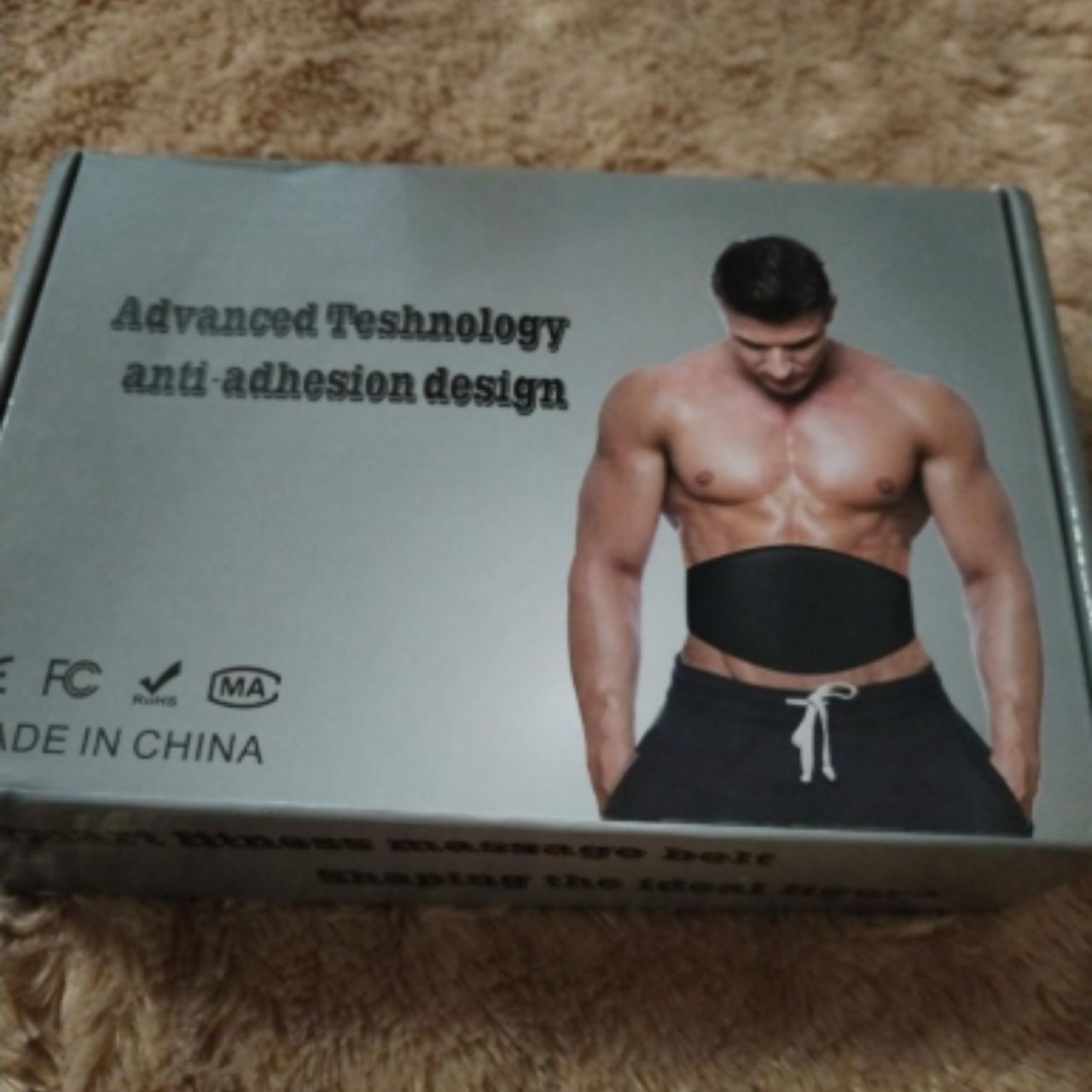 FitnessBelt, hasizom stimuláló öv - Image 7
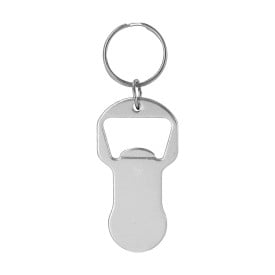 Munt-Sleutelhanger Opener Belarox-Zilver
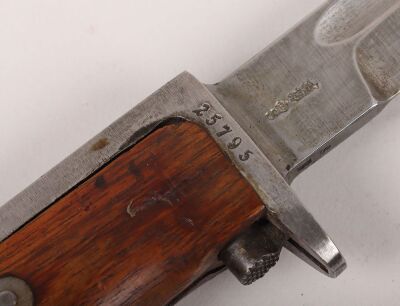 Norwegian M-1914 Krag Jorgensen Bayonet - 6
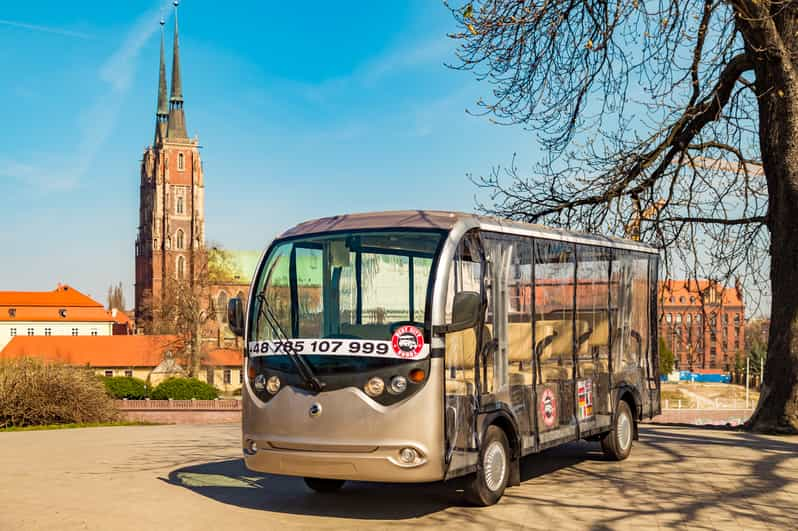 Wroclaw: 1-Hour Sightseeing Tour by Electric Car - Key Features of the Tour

......

— ACTION ITEM —
Pictures stay out; print everything else in the data exactly.

— THE ANSWER —
 FitnessBelt, hasizom stimuláló öv - Image 7
 Munt-Sleutelhanger Opener Belarox-Zilver
 Norwegian M-1914 Krag Jorgensen Bayonet - 6
 Wroclaw: 1-Hour Sightseeing Tour by Electric Car - Key Features of the Tour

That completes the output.